An apron 6 which extends forward from a hinge pillar is provided on an outward-and-upward side of the above-described front side frame 2, a suspension tower portion 7 is provided between the apron 6 and the front side frame 2, a wheel apron 8 which connects the apron 6 and the front side frame 2 is attached to a portion located right in front of the suspension tower portion 7, and a connecting member 9 which connects the apron 6 and the front side frame 2 is provided in front of the wheel apron 8. Further, a cowl side member 10 is provided at a rear portion of the suspension tower portion 7.

The present embodiment exemplifies, as plural kinds of powertrain provided in the engine room 1, a powertrain 13 which comprises an engine 11 and a transmission 12 which are connected together and is laterally arranged as shown in FIG. 1 and a powertrain 16 which comprises an engine 14 and a transmission 15 which are connected together and is laterally arranged as shown in FIG. 2.

As shown in FIGS. 3 and 4, inside the right-side front side frame 2 are provided a pair of front-and-rear cylindrical-shaped nut members 17, 18 which are spaced apart from each other in the longitudinal direction, a retainer 19 which fixedly supports the front-side nut member 17, a retainer 20 which fixedly supports the rear-side nut member 18, and a gusset 21 which is a reinforcing member arranged between the front-and-rear retainers 19, 20.

The front-side retainer 19 comprises a flange 19a which is fixed by respective upper-side joint flange portions of the front side frame inner 4 and the front side frame outer 5 (specifically, three-sheet welding fixation), a flange 19b which is fixed by respective lower-side joint flange portions of the front side frame inner 4 and the front side frame outer 5 (specifically, three-sheet welding fixation), and plural flanges 19c, 19d, 19e, 19f which are fixed to an inner face of the front side frame inner 4, and fixes the nut member 17 extending in the vertical direction at a U-shaped portion, in the plan view, which is formed between the front-and-rear flanges 19e, 19f.

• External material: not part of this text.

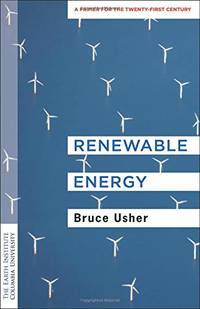 Renewable Energy: A Primer for the Twenty-First Century (Columbia University Earth Institute...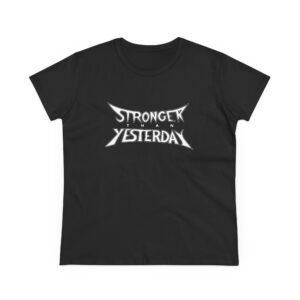 Stronger Than Yesterday Women’s T-Shirt – Midweight 100% Cotton Tee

Similarly to the front-side retainer 19, the rear-side retainer 20 comprises a flange 20a which is fixed by respective upper-side joint flange portions of the front side frame inner 4 and the front side frame outer 5 (specifically, three-sheet welding fixation), a flange 20b which is fixed by respective lower-side joint flange portions of the front side frame inner 4 and the front side frame outer 5 (specifically, three-sheet welding fixation), and plural flanges 20c, 20d, 20e, 20f which are fixed to the inner face of the front side frame inner 4, and fixes the nut member 18 extending in the vertical direction at a U-shaped portion, in the plan view, which is formed between the front-and-rear flanges 20e, 20f.

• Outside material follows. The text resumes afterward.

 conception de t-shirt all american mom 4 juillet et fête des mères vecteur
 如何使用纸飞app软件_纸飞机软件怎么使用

The gusset 21 comprises a pair of front-and-rear flanges 21a, 21b which are fixed by the upper-side flange portions of the front side frame 2 (three-sheet welding fixation), a pair of front-and-rear flanges 21c, 21d which are fixed by the lower-side flange portions of the front side frame 2 (three-sheet welding fixation), and two extensive protrusion portions 21e, 21f which extend in the vehicle longitudinal direction and protrude inward in a vehicle width direction in a U shape, in an elevational view of the vehicle, between the upper-side flanges 21a, 21b and the lower-side flanges 21c, 21d. The above-described nut members 17, 18 are the members into which bolts 22, 22 for vehicle-body-side mount bracket fastening (see FIG. 3) are screwed at engine-side mount support portions A, C, which will be described later.

As shown in FIGS. 5 and 6, inside the left-side front side frame 2 are provided a pair of front-and-rear cylindrical nut members 23, 24 which are spaced apart from each other in the longitudinal direction, gussets 25, 26 which are configured to be split into two pieces in the vertical direction as a reinforcing member to support the nut members 23, 24 and also reinforce the front side frame 2, and a brace member 27 which is arranged in front of the gussets 25, 26.

The upper-side gusset 25 comprises an upper piece 25a which extends in the longitudinal direction, a lower piece 25b which extends downward from an inward end, in the vehicle width direction, of the upper piece 25a, and plural flanges 25c, 25d, 25e which are fixed by the respective upper-side joint flange portions of the front side frame inner 4 and the front side frame outer 5 (three-sheet welding fixation).

The lower-side gusset 26 comprises an upper piece 26a which extends in the longitudinal direction and fixed to the lower piece 25b of the upper-side gusset 25, a slant piece 26b which extends outward and downward from a lower end of the upper piece 26a, a lower piece 26c which extends downward from a lower end of the slant piece 26b and fixed by the respective lower-side joint flange portions of the front side frame inner 4 and the front side frame outer 5 (three-sheet welding fixation), and nut-member holding holes 26d, 26e (see FIG. 5) which are formed at the slant piece 26b at locations which correspond to the nut members 23, 24, and this lower-side gusset 26 holds the nut members 23, 24 extending in the vertical direction at hole edges of the nut-member holding holes 26d, 26e.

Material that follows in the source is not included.